From the Portfolio Manager’s Desk

Constructing equity-focused and cross-asset portfolios has become increasingly difficult in FY22. Therefore, in order to examine Omnicell, Inc.‘s (NASDAQ:OMCL) suitability into an equity-focused, long-only portfolio, we first have to understand what themes are positioned to outperform looking ahead.

OMCL 6-month price action

Data: Updata

Equity strategies have been hammered this year, especially those held to long-only mandates. Moreover, the high beta trade that fuelled FY20–21’s parabolic growth in US equities has shown a complete reversal, leading to strengths in alternative premia, as seen in Exhibit 1. Alas, retail liquidity has dried up across the market and growth has de-rated to the downside.

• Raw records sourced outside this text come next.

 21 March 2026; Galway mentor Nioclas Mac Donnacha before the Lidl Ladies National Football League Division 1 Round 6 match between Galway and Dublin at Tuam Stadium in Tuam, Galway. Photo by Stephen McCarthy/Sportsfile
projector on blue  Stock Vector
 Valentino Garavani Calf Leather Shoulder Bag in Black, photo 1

As a result of this structural rotation, low-beta, high-quality strategies have agreed with investors this year. This trend looks set to continue. The valuation spread these factors have traditionally enjoyed is present again, as investors have priced in more systematic risks over idiosyncratic risk. This creates a strong case for cash-compounding names to re-rate to the upside. Moreover, as retail liquidity has been swept up in many corners of the market, there is now plenty of safety margin left for allocators to work with, especially in defensible sectors such as medical technology (“medtech”).

Exhibit 1. Alternative premia has lent investors uncorrelated alpha in both tactical and strategic positioning

Trend looks set to continue as investors look to step up in quality and increasingly position to hedge recession

Data: Updata

Alas, we advocate investors to step up in quality and resiliency in portfolio construction from H2 FY22. Noteworthy is that balanced portfolios – especially those with meaningful exposure to alternatives – have obtained strategic and tactical real risk-adjusted alpha, and are primed to continue doing so. Seeking alternatives-like exposure and reducing beta is integral to reducing equity risk and preventing further equity drawdown, we estimate.

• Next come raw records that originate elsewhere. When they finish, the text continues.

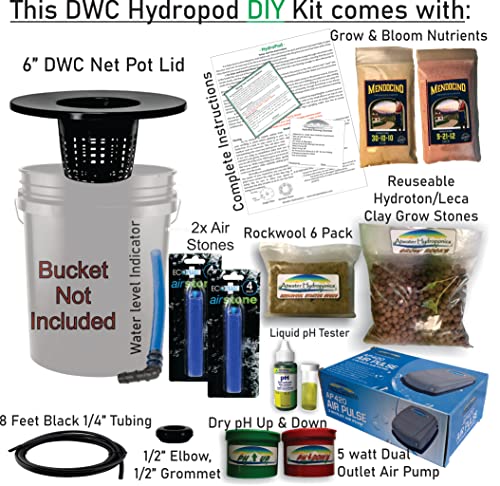 The Atwater HydroPod - DIY Add Your Own Bucket KIT - DWC Deep Water Culture Hydroponic Garden System - Bubble Bucket - with Nutrients and pH Kit - Bucket Not Included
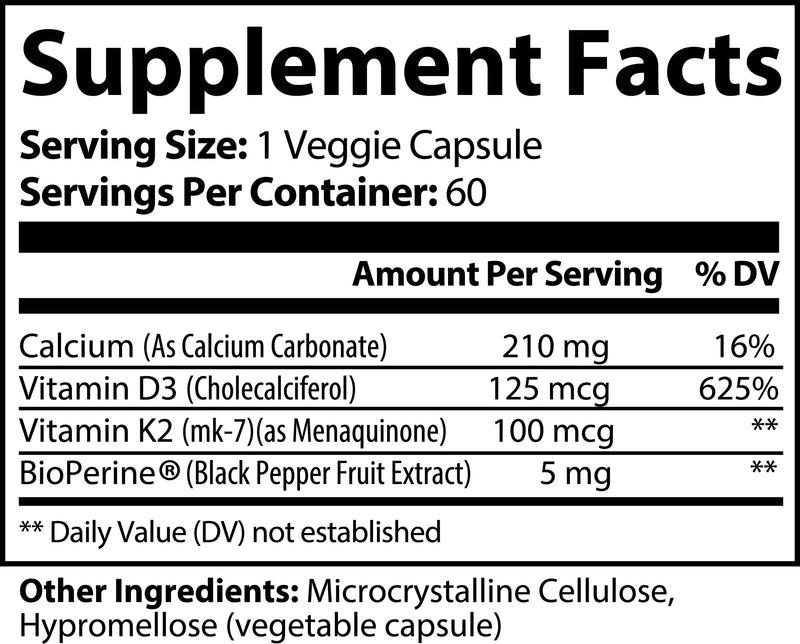 Vitamin D3 + K2 Supplement Facts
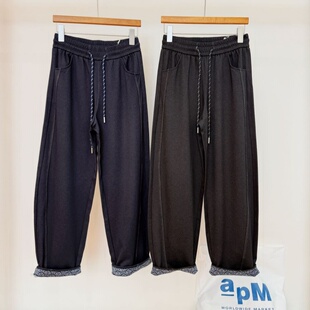 卷边软牛仔裤 弯刀老爹裤 梨型舒适女裤 秋冬松紧高腰显瘦哈伦裤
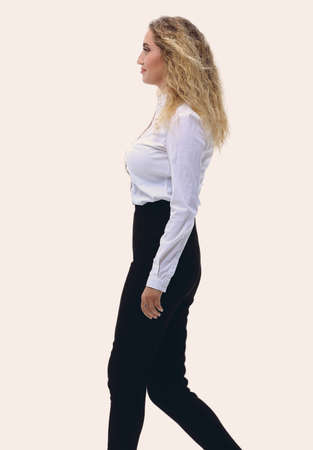 young employee walks forward.の写真素材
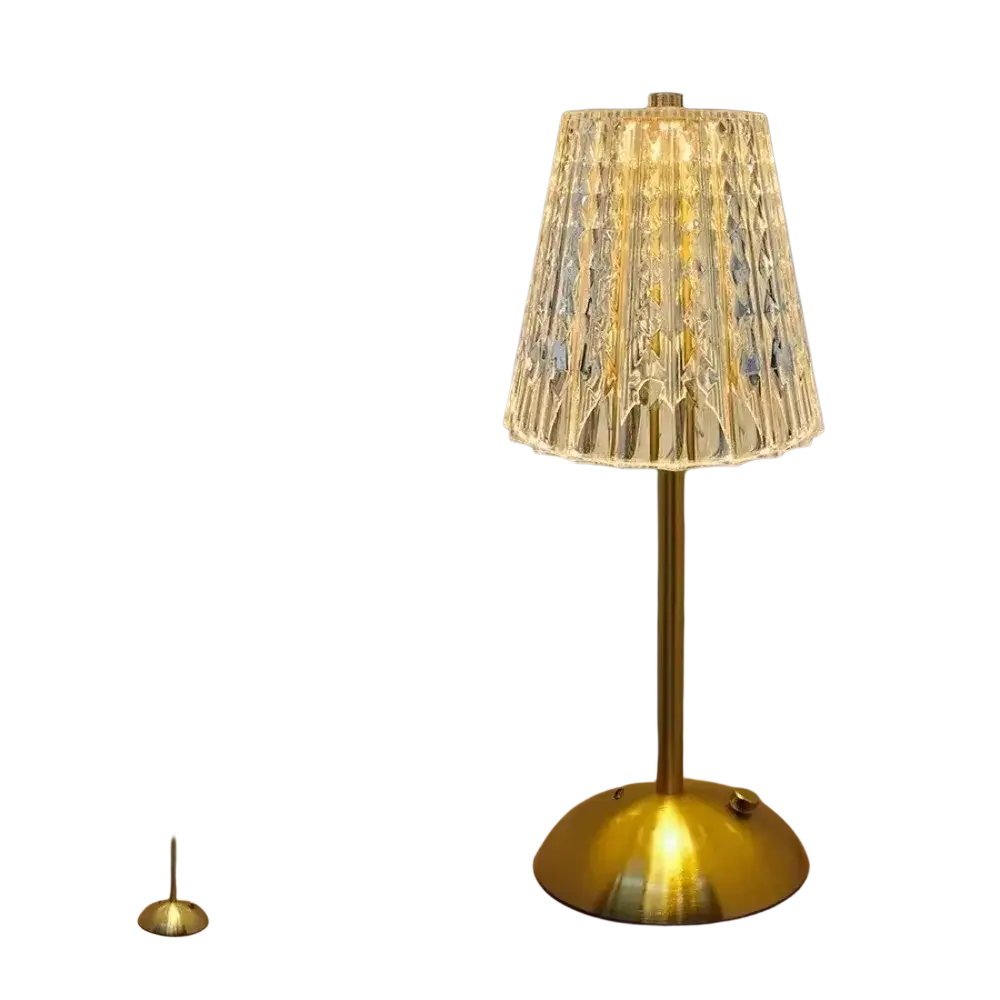 Star point-1 rechargeable table lamp with golden brass base and faceted crystal glass shade as light source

What’s supporting this view? Firstly, investors are adding duration back into portfolios. The long-end of the UST curve has caught a bid in June/July as investors increasingly price in prospects of short-term recession. This is good for US medtech equities, we estimate. We’ve seen evidence of this in H2 already, as seen in Exhibit 2. Only the most resilient business models will survive a slowdown in GDP. In this vein, investors are turning to bottom-line fundamentals over top-line growth.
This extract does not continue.